_THE PROBLEM_
From the line with "8 Feet Hilason" to the last line of the data below, repeat every line exactly and add nothing.

_SOURCE MATERIAL_

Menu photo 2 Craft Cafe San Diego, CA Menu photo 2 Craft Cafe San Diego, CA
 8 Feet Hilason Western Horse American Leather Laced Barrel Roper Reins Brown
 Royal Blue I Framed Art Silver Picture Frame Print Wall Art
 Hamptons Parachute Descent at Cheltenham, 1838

_ANSWER TO THE PROBLEM_
 8 Feet Hilason Western Horse American Leather Laced Barrel Roper Reins Brown
 Royal Blue I Framed Art Silver Picture Frame Print Wall Art
 Hamptons Parachute Descent at Cheltenham, 1838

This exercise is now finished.